ACTIVITY
Take the records below and extract, word for word, the lines from the one containing "거실 스탠드 옷걸이 행거" through the final line, inclusive. Omit pictures.

THE DATA
++++++
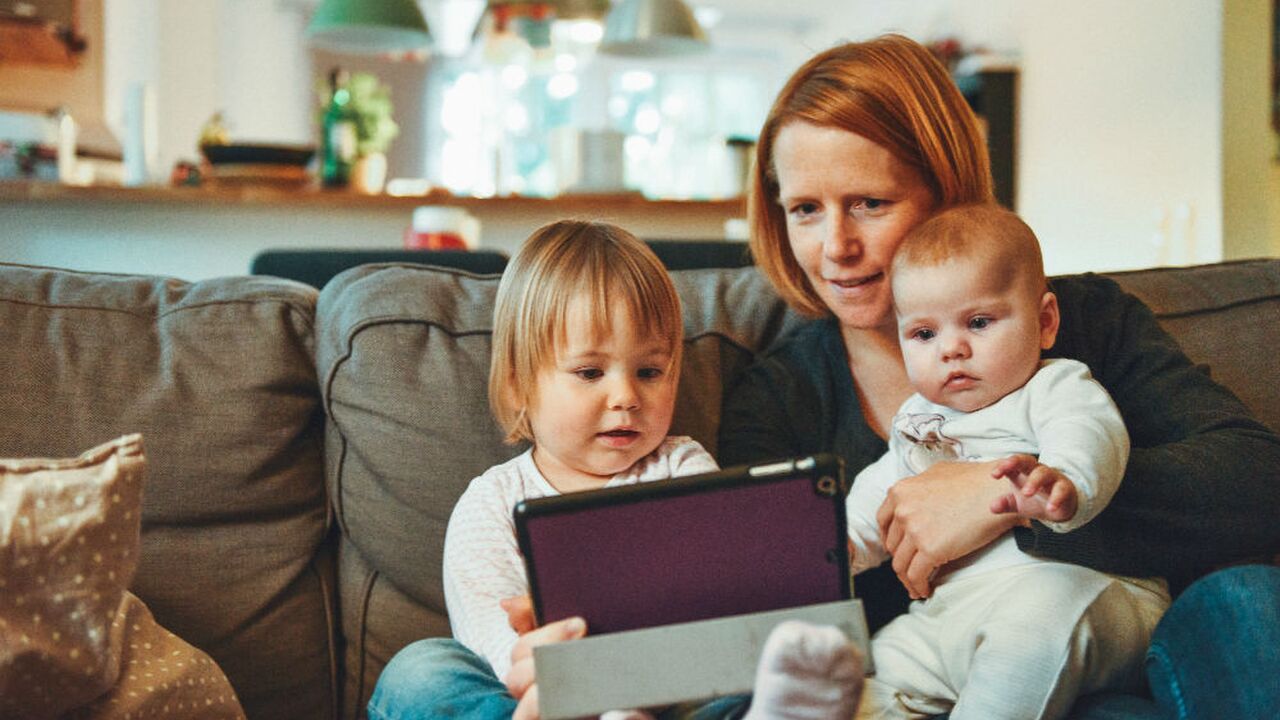 Illustratie voor: Waarom beeldschermgebruik moet worden verminderd bij jongeren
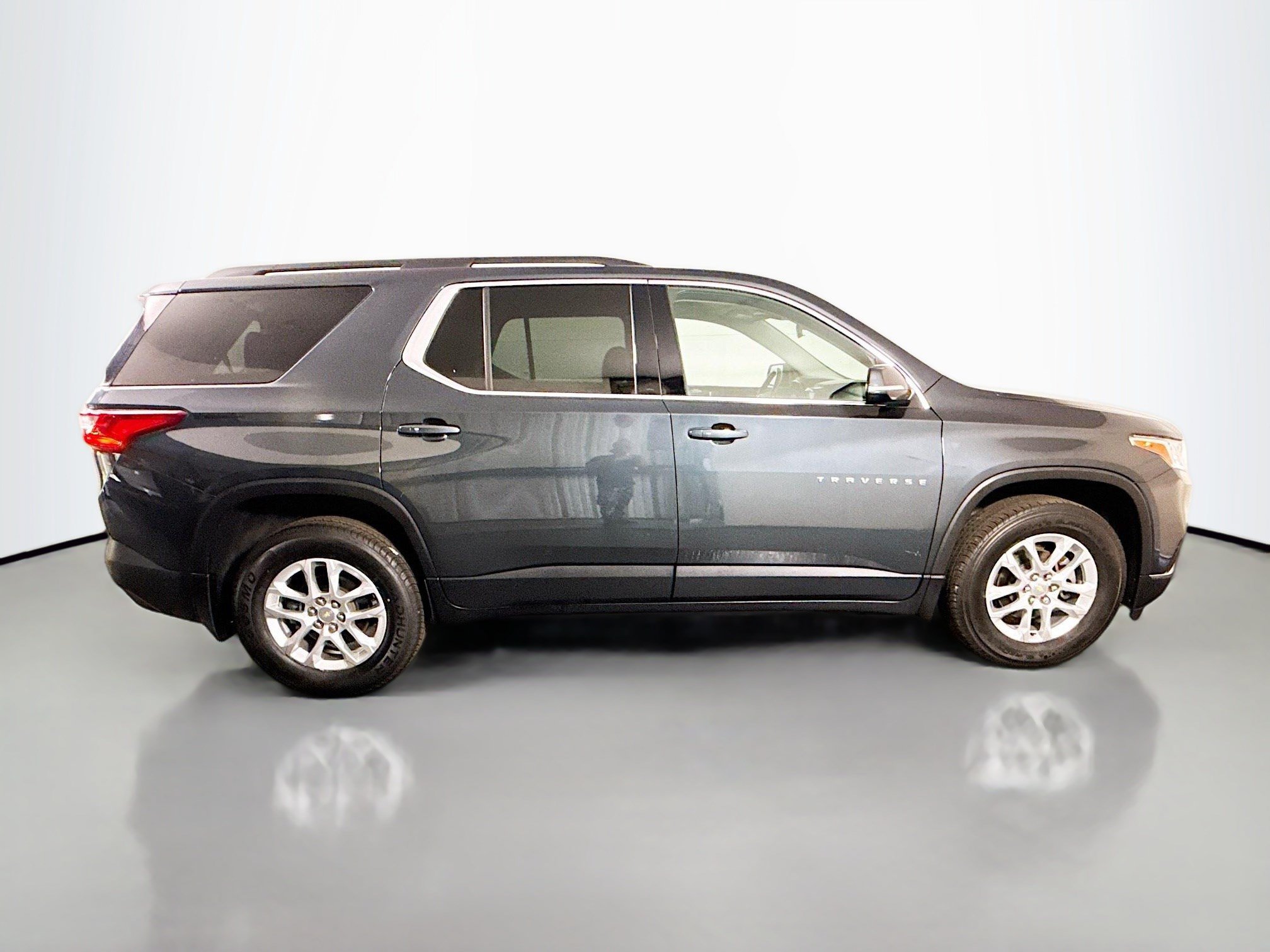 Used 2019 Chevrolet Traverse LT FWD image 11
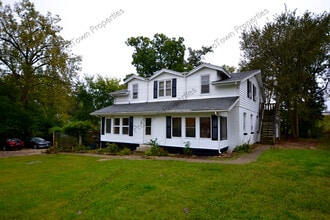 Building Photo - 10 Riverview St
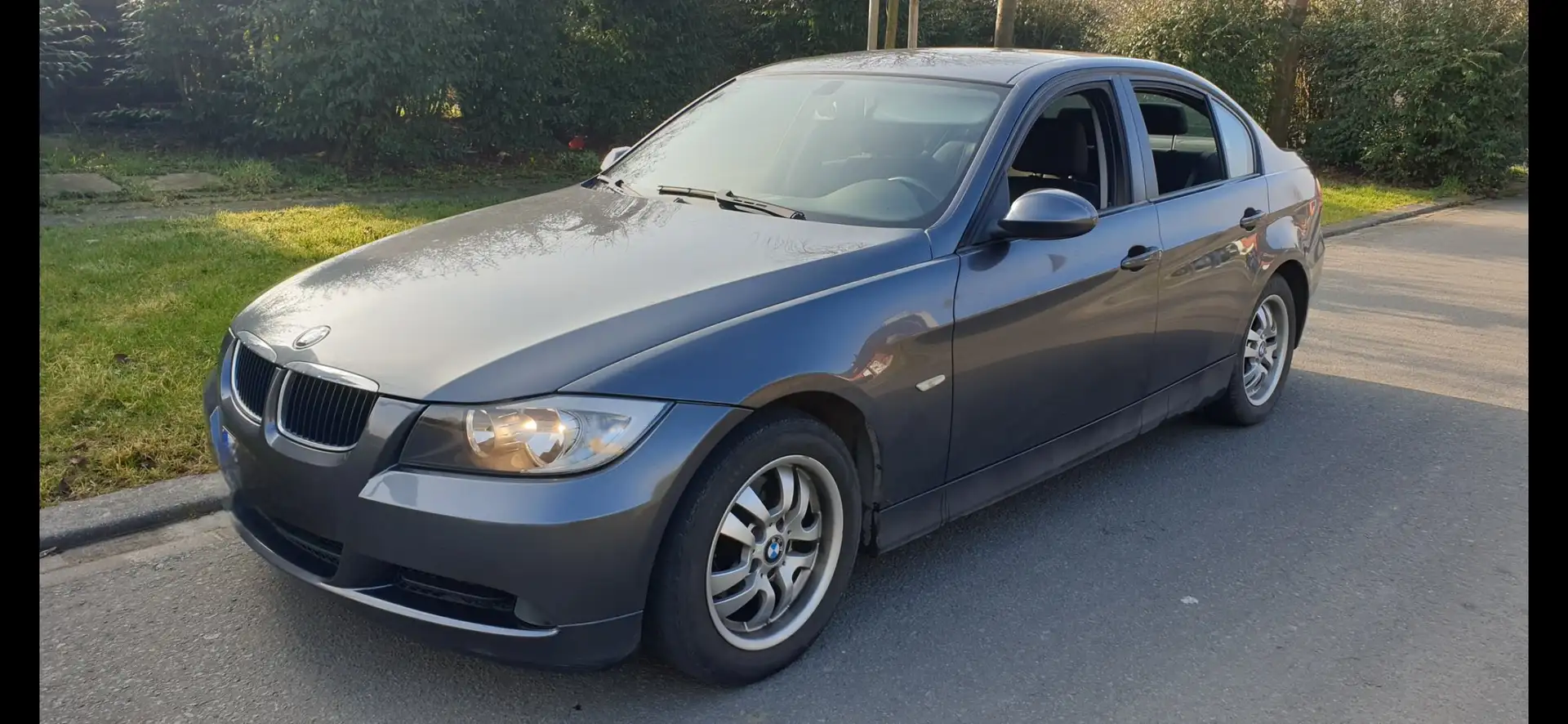 BMW 320 320 d Gri - 1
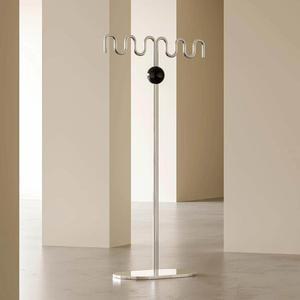 거실 스탠드 옷걸이 행거 목재 스튜디오 현관 몽키 옷걸이행거 틈새 헹거 심플 디자인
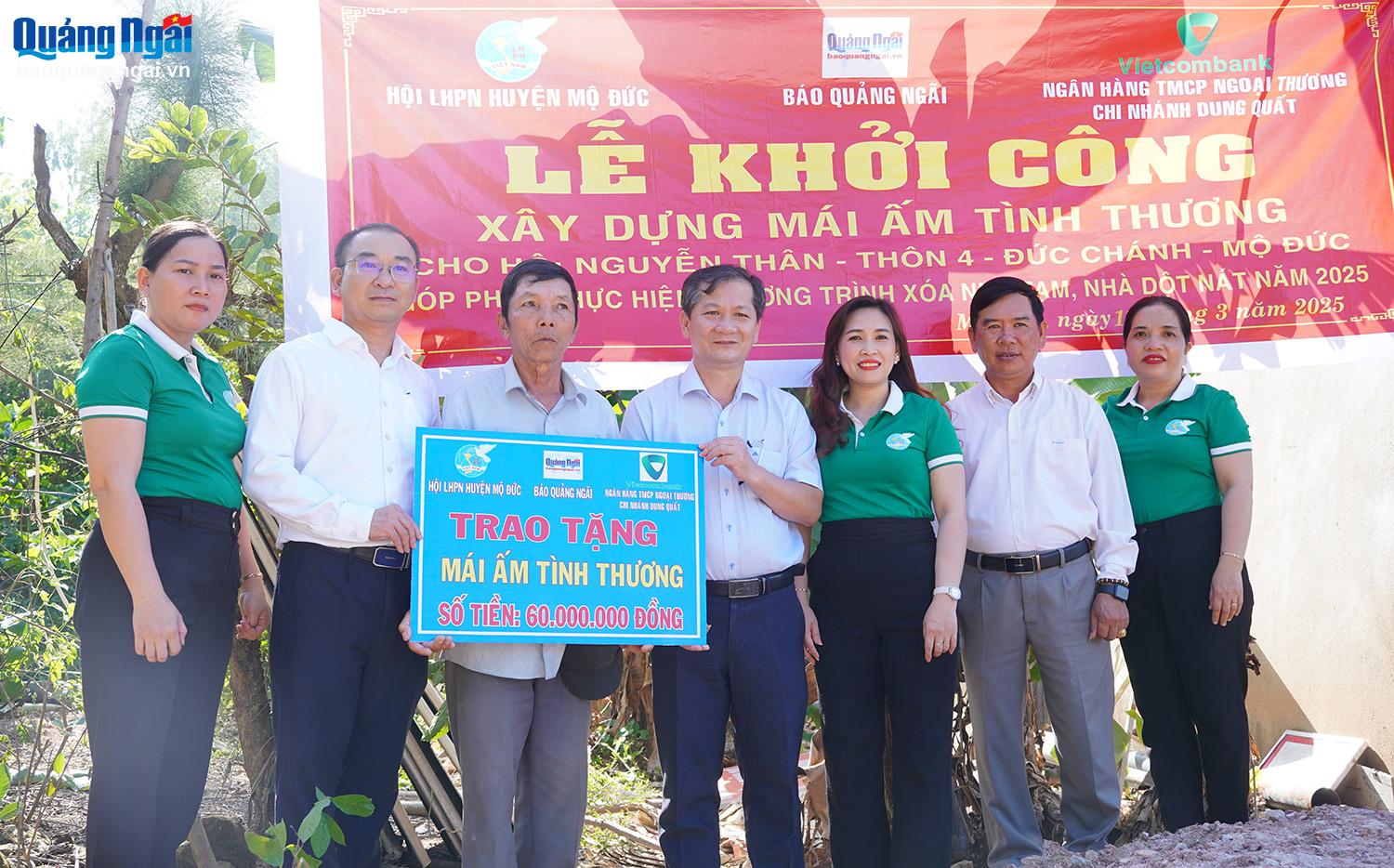 Khởi công và trao tiền hỗ trợ xây nhà cho hộ nghèo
++++++
REPLY TO THE TASK
 거실 스탠드 옷걸이 행거 목재 스튜디오 현관 몽키 옷걸이행거 틈새 헹거 심플 디자인
 Khởi công và trao tiền hỗ trợ xây nhà cho hộ nghèo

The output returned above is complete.